Twin Peaks' 15 Most Iconic, Bizarre, and Disturbing Moments

Bruno Cirelli
Mag 20, 2017

The original series eventually - though not almost soon enough for its viewers - revealed who had killed homecoming queen Laura Palmer. As Twin Peaks returns, we should consider why the show now seems so relevant, even vital - why we're all so excited for it, decades after the original's harrowing, deeply disturbing final shot. The show, whose third season arrives on Sunday, some 26 years after the end of the second season, is considered TV royalty, a longtime throne-sitter in the network castle. He also makes an appearance in the series finale, but more on that later. Then Leland is back and he remembers all of the terrible things he's done, which the show has previously implied includes not only killing his daughter Laura, but also years of abusing her, and Leland cries and cries as he dies on the floor of the sheriff's station. (Showtime has also been repeating the series to set up the revival.) Old fans remembered it; new fans discovered it and wanted more.

KYLE MACLACHLAN: (As Special Agent Dale Cooper) Diane, 11:30 a.m., February 24, entering the town of Twin Peaks, five miles south of the Canadian border, 12 miles west of the state line - I've never seen so many trees in my life.

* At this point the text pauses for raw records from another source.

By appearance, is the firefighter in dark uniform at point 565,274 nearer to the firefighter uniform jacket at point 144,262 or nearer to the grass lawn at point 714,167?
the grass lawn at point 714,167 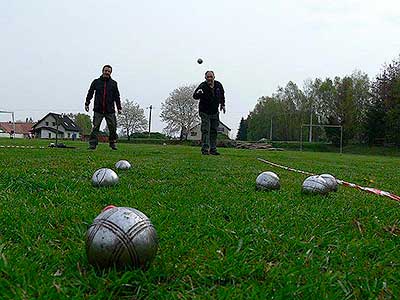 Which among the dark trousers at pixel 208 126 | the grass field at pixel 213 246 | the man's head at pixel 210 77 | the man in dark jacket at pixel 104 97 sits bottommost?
the grass field at pixel 213 246

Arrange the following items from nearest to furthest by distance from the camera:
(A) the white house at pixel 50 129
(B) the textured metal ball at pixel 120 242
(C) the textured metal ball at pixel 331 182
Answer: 1. (B) the textured metal ball at pixel 120 242
2. (C) the textured metal ball at pixel 331 182
3. (A) the white house at pixel 50 129

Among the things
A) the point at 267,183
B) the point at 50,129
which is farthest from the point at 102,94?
the point at 50,129

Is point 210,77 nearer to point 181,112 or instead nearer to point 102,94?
point 102,94

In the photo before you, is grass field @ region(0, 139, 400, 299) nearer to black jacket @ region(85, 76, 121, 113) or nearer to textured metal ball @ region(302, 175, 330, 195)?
textured metal ball @ region(302, 175, 330, 195)

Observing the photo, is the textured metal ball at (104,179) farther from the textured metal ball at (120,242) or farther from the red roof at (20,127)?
the red roof at (20,127)

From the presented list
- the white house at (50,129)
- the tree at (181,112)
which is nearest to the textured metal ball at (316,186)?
the tree at (181,112)

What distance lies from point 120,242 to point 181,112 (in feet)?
220

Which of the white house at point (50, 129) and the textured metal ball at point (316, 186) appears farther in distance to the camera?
the white house at point (50, 129)

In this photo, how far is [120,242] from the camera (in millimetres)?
1804

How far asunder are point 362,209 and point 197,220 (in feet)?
4.80

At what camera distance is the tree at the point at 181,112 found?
68.1m

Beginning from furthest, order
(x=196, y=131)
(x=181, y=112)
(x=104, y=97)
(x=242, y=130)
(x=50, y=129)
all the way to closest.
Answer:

Rest assured: This revival isn't a remake. "How's Annie?", in reference to his girlfriend Annie, played by Heather Graham. Or, more accurately, they take place in a Lynchian version of the here and now - one where time is nonlinear and past and future constantly intrude on the present. Over the course of two seasons, creators David Lynch and Mark Frost created a beguiling hybrid of soap opera, murder mystery, and horror set in a Pacific Northwest town the show's named for. THR has also been advised that viewers with distinct recollection of Twin Peaks will find their fandom rewarded; what's more, a closer examination of the film Twin Peaks: Fire Walk With Me is recommended before embarking on the new series. It was announced that Lynch would be directing the entire project, which as of this reporting clocks in at 18 installments. Not only that, but he'll be back as donut-guzzling FBI Regional Bureau Chief Gordon Cole too. But as we've seen in the past, nearly everything that was popular - even for just a while - can mount a comeback. It's an anomaly in this age of multiple teasers followed by multiple trailers. The show changed from a story into a somewhat static tale of Twin Peaks filled with mumbo-jumbo about doppelgangers and silly time scheme disruptions. Where's he been all this time? And why? We have no idea.

What gripped me immediately was David Lynch's command of the medium.

Lynch recognizes these dark impulses within himself: Take Wild at Heart (1990), with its relentless carnival of horrors, a film that functions not unlike a totemic spirit within his own oeuvre - a cruel vessel into which he's poured all his rage and violence. Wild at Heart, the devil on Lynch's shoulder, even has its opposite, angelic number: The Straight Story (1999), a picture of nearly limitless sweetness and light, and the only other road movie he's made. As Cooper conducted his search for Laura's killer, the town's secrets were gradually exposed.

The Log Lady once said, "One day, my log will have something to say about this".

LYNCH: I saw "Twin Peaks" as a film.

After the resolution of the murder storyline, some fans became disillusioned with the sprawling second season which brought in a range of early career performances from future superstars like David Duchovny, Heather Graham and Billy Zane.

The absent names are more than made up for by a huge cast of new faces. This very well might be a control move dictated by Lynch, fearful that major plot points and surprises will be revealed through an Internet spoiler system that did not exist in 1990.

You betcha. Julee Cruise's ethereal Grammy award-winning theme song was instrumental to the show's success back in the 90s, and Showtime have confirmed it and composer Angelo Badalamenti, who wrote the score for the original, are onboard for the new season. It's adapted from Damn Fine Cherry Pie, Lindsey Bowden's cookbook inspired by David Lynch's cult classic.